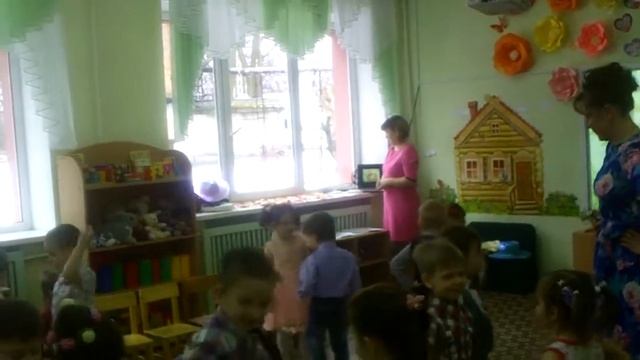 Танец "Пляшут детки у окна" в средней группе "Почемучки" ( воспитатели : Навроцкая Н.Ю., Мауль М.В.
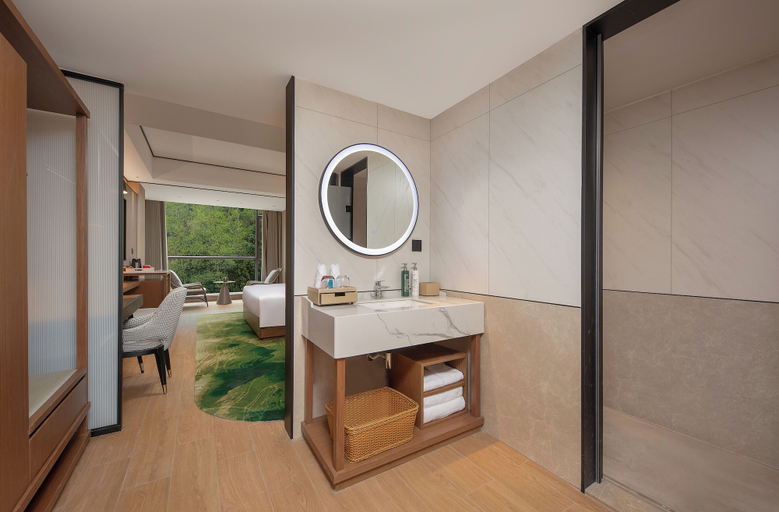 Bathroom 4, Hilton Garden Inn Zhangjiajie Wulingyuan, Zhangjiajie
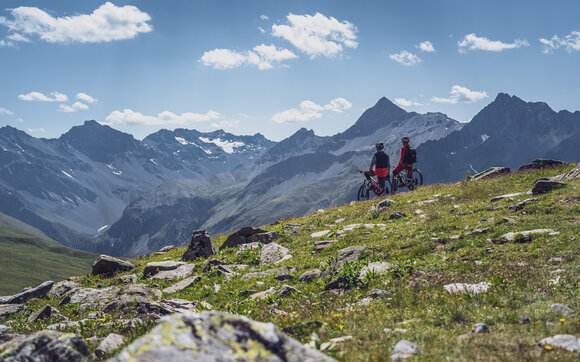 Zwei Freunde auf ihren Mountainbikes geniessen den Blick vom Jakobshorn in das Sertigtal. | © Davos Klosters Mountains
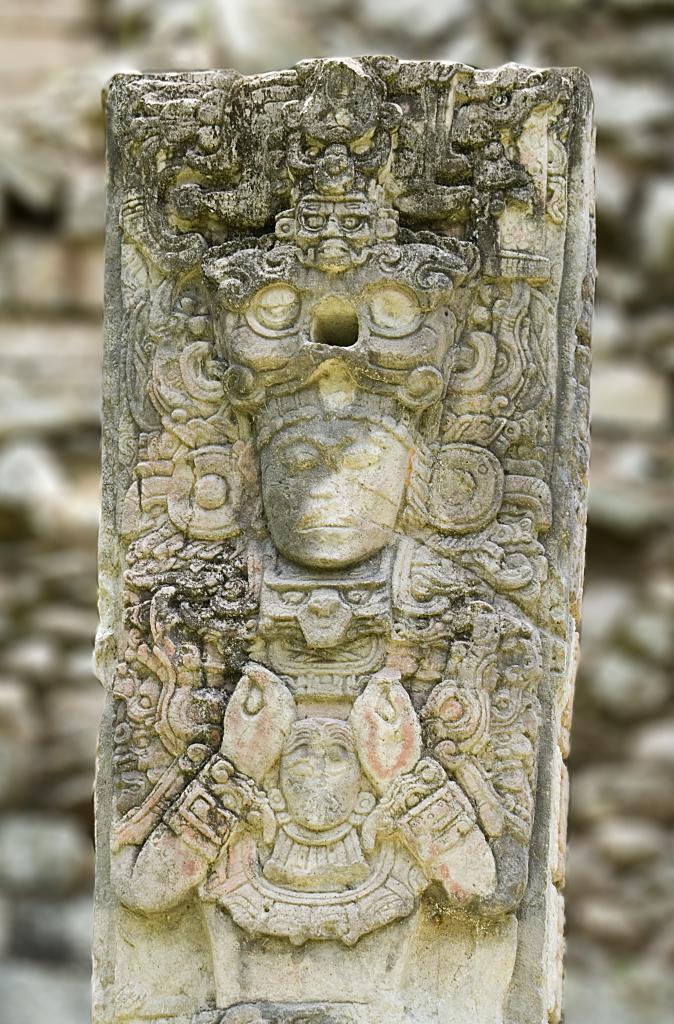 Copan, la stèle du double rayon de lune [Honduras]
○ ○ ○
Without any pictures, transcribe the listing above exactly as written.

# ANSWER TO THE PROBLEM
 Танец "Пляшут детки у окна" в средней группе "Почемучки" ( воспитатели : Навроцкая Н.Ю., Мауль М.В.
 Bathroom 4, Hilton Garden Inn Zhangjiajie Wulingyuan, Zhangjiajie
 Zwei Freunde auf ihren Mountainbikes geniessen den Blick vom Jakobshorn in das Sertigtal. | © Davos Klosters Mountains
 Copan, la stèle du double rayon de lune [Honduras]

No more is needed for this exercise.